Does Undervolting Improve Radeon RX Vega 64's Efficiency?

Efficiency & Conclusion

Does undervolting improve efficiency, then? Yes and no. If you increase Radeon RX Vega 64's power limit, then yes. If you don't, then no.

It's only by raising the card's power limit that the telemetry can identify voltage as a limiting factor and optimally adjust the resulting clock rate to the actual graphics load. The result barely exceeds the default Balanced mode, though. Conversely, manually decreasing the voltage to 1.0V without increasing the power limit lowers efficiency.

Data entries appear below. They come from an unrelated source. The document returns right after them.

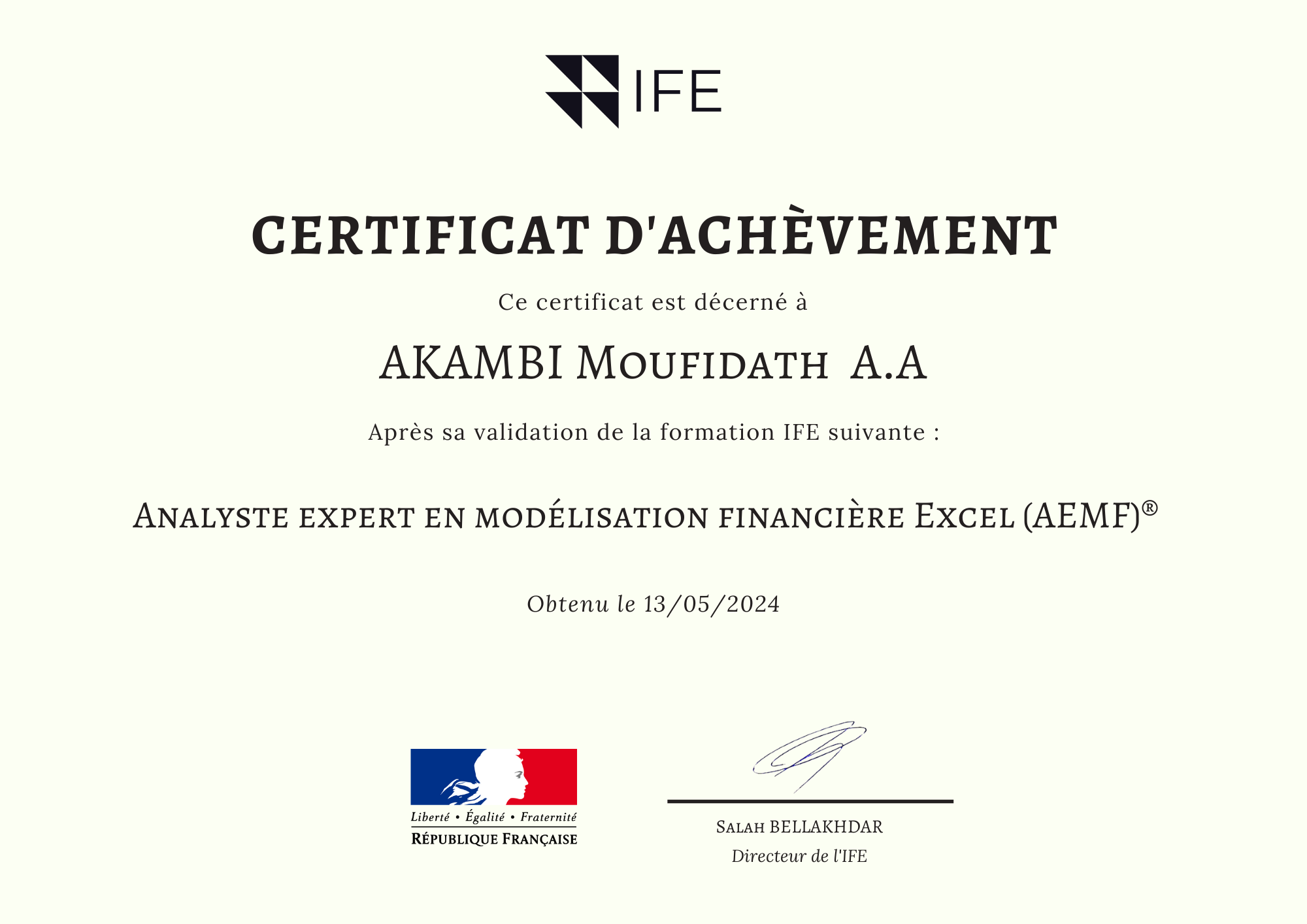 17. Certificat Akam Fidath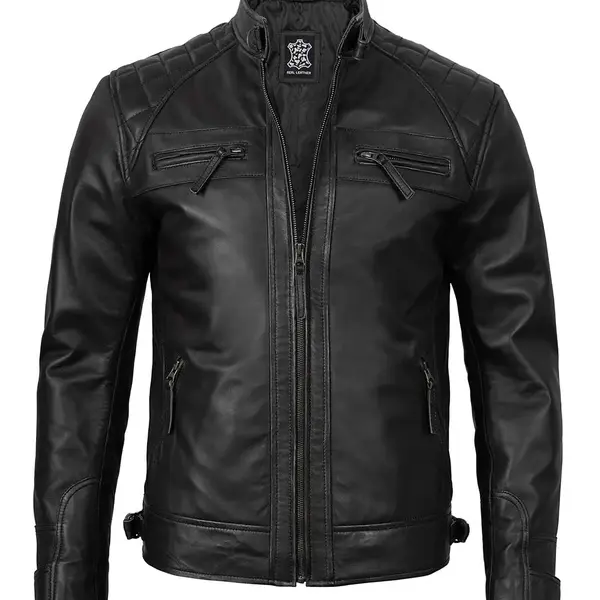 Cognac Black Quilted Cafe Racer Leather Jacket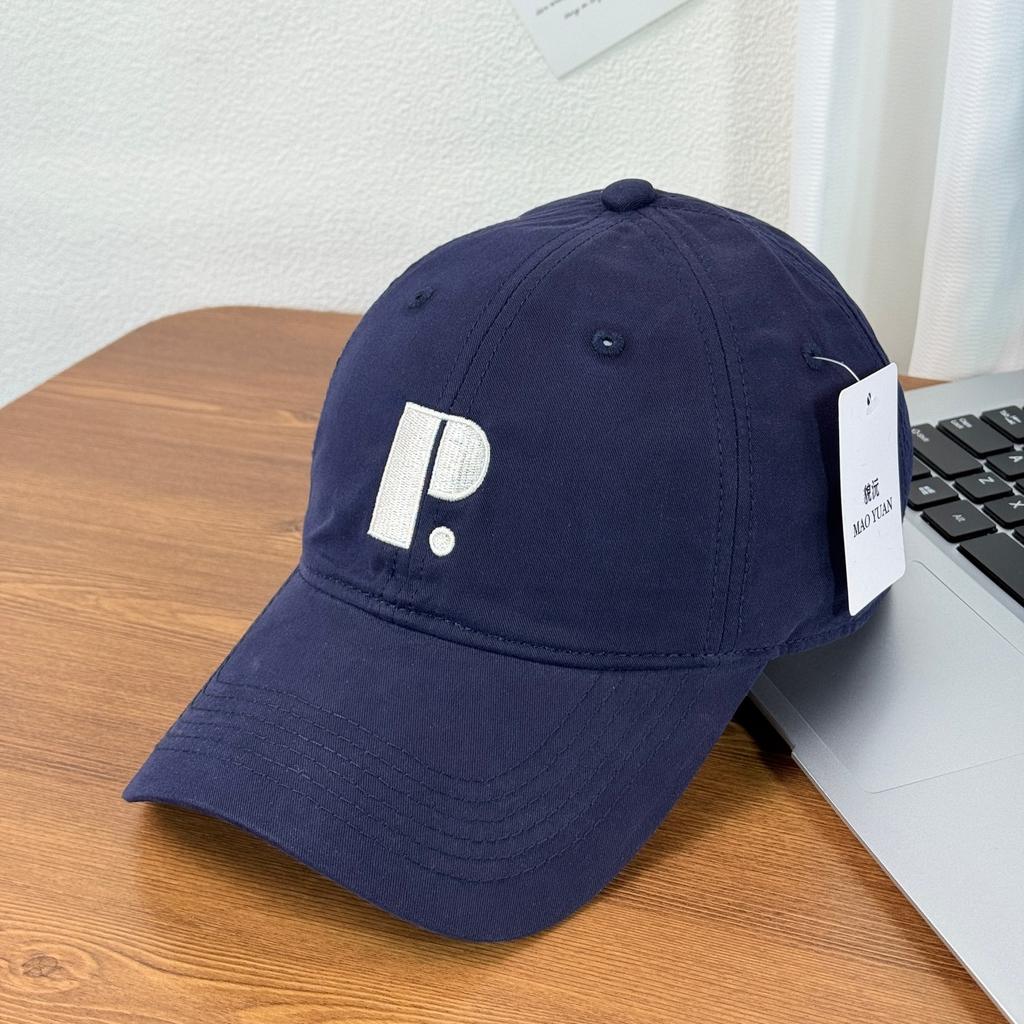 Fashion Hat Korean ins Trend Big Letter P Embroidery Quick Drying Breathable Baseball Cap Soft Top Big Head Face Small Couple Cap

All of our measurements were taken while using a game to generate the load. The game in question was selected because it produces a constant and reliable load across the entire duration of 30 minutes. We did run Doom as well to check our results, and it demonstrated higher frequencies and lower power consumption. Broken out into percentages, though, the two games’ results are almost identical. Our bottom line stays the same.

The gaming performance shows very clearly what we’ve found time and again so far: undervolting without increasing the power limit is pointless and counterproductive.

Summary & Conclusion

It’s certainly possible to run a Radeon RX Vega 64 more efficiently than AMD made possible with its default modes. However, the unique nature of AMD’s AVFS dictates that manually lowering the voltage only makes sense if the power limit is raised at the same time to allow the telemetry to regain its footing. In that case, the reduction in voltage becomes just one more limiting factor among many others, such as temperatures. Each card is going to have its own boundaries that you'll have to experiment with, since every GPU's quality is different.

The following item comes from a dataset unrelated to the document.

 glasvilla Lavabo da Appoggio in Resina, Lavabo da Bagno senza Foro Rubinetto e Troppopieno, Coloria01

Even though there we don't have anything sensational to report when it comes to undervolting, an additional 20W (or seven percent), does produce five percent more performance. This means that the card scales really well, and certainly a lot better than when it's run at at stock settings without lowering voltage. In that case, 41 percent more power consumption gets you just 11 percent-higher frame rates. Consequently, if you want to overclock efficiently, then you need to undervolt. This is a really interesting finding that’s very much unique to AMD’s Radeon RX Vega 64.

It would be great if AMD could handle temperature readings in a more precise manner. Documentation would also be appreciated. Our advice is to use a suitable tool, such as GPU-Z, to read the hot-spot temperature. The readings provided by WattMan just can’t be correct, at least for low-temperature measurements.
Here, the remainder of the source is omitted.